08 Juli 2022

Europäische Werte? Wie sich die EU unter von der Leyen selbst demontiert

Gastbeitrag von Gabor Steingart

Europäische Werte? Wie sich die EU unter von der Leyen selbst demontiert Focus-Online, Freitag,08.07.2022,

Ursula von der Leyen sieht sich als das säkulare Oberhaupt einer Wertegemeinschaft namens EU. Doch die europäischen Werte – Freiheit, Rechtsstaatlichkeit und Meinungsfreiheit – werden von einigen Mitgliedern und Partnern permanent mit Füßen getreten.

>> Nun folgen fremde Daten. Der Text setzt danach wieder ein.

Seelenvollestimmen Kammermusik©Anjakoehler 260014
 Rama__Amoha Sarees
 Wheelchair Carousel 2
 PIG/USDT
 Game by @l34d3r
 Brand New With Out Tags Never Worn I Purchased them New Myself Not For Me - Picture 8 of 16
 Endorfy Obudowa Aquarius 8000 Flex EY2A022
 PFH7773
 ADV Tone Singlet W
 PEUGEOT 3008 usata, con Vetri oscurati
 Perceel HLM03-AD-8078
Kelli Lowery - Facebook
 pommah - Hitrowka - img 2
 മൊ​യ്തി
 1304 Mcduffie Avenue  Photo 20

Die Probleme sind groß, nicht nur in Polen und Ungarn.
Um es gleich vorweg zu sagen: Der in seiner politischen Derbheit weithin unbeliebte Literaturnobelpreisträger Peter Handke hat Recht gehabt. Das geradezu religiöse Betonen und Besingen „der europäischen Werte“ – das in Brüssel zur gemeinsamen Morgenandacht von Parlamentariern und EU-Bürokraten gehört – ist eine neue Form der nunmehr supranational empfundenen Überlegenheit. Peter Handke hat seine Kritik an diesem europäischen Gutmenschen-Chauvinismus so formuliert:

„Alle zarten tiefen Werte der Menschheit sind überall. Die Werte sind in den Formen der großen Werke. Die Werte sind im Schluchzen eines Kindes. Oder im Hüpfschritt eines Kindes. Europäische Werte? Arschlöcher. Wer auch immer möchte, soll damit sein Leben bestreiten oder bespielen oder besingen oder bemalen; aber er soll aufhören, aus den europäischen Werten eine Axt gegen andere zu machen. Leute, die so reden, sind das neue Gesindel.“

Die europäischen Werte werden permanent missachtet
Das ist natürlich grob. Aber Fakt ist: Die europäischen Werte – Freiheit, Rechtsstaatlichkeit und Meinungsfreiheit – werden sonntags gepredigt und werktags missachtet. „Die Welt braucht mehr Europa“, sagt Ursula von der Leyen. Sie sieht sich als das säkulare Oberhaupt einer Wertegemeinschaft. Sie glaubt, in der Evolutionsgeschichte der Menschheit sei das heutige Europa die Krönung der Schöpfung.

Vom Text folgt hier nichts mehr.